Mitt has “friends,” did you know that? And they’re such good “friends” they’re happy to confirm to the Washington Post that yes, Mitt really does look exactly like he looks in that horribly unflattering picture, so that was nice of them. Oh and the Romney Thanksgiving? Since you asked, of all the sons he could have invited to come home for Thanksgiving, Mitt picked the scary one, Josh. Then Mitt and Ann and Josh and Josh’s wife and their four kids all ate dinner in the bedroom of a Spanish villa. Or maybe they all slept in the one bedroom together for some reason, which sounds weird also. Either way, the whole thing sounds weird.

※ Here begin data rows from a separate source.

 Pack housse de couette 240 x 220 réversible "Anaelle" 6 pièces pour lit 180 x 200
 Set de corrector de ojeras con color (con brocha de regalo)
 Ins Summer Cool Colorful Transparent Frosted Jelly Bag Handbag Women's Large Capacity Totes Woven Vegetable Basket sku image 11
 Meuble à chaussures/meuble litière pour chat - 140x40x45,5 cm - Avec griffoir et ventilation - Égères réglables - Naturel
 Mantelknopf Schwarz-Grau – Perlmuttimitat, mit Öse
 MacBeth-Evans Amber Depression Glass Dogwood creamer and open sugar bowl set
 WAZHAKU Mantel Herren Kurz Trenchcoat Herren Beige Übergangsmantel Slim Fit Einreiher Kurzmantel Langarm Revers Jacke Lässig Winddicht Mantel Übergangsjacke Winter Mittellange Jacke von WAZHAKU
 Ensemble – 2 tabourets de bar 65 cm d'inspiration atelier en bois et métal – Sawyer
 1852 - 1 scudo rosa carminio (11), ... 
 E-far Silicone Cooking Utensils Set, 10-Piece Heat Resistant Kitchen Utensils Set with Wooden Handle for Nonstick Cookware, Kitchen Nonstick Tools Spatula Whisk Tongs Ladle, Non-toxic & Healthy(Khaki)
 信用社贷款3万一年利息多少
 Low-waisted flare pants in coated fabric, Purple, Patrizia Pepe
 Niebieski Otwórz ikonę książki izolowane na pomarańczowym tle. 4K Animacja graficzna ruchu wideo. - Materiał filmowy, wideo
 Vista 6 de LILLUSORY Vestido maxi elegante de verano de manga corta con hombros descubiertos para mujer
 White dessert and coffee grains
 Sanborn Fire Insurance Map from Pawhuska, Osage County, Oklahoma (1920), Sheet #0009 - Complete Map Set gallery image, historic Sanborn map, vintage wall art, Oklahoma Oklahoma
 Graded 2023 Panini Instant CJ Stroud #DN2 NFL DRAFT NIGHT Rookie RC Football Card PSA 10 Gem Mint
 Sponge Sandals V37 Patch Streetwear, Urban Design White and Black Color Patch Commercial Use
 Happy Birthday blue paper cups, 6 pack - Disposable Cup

Over Thanksgiving, one of Romney’s five sons, Josh, his wife and their four children packed into a single bedroom at the Spanish-style villa on Dunemere Drive here. One friend said they ordered their turkey dinner from Boston Market, the home-style restaurant chain, because there were too many kids running around the house to bother with cooking a feast.
And: four kids? FOUR kids and they couldn’t bother cooking a dinner? Okay, that’s fine. You don’t have to cook Thanksgiving dinner, and fuck the patriarchy that says you do, Ann! But Boston Market? That’s how you know Ann is really depressed. Anybody else get the feeling she never came out of her master’s suite at all and finally someone was like “we better order some Boston Market”? Are Mormons allowed to pop Mothers Little Helpers?
Anyway, poor Mitt and Ann. Poor, sad, Mitt and Ann, having to nurse their wounds with their hundreds of millions of dollars. And probably pills, we are just guessing.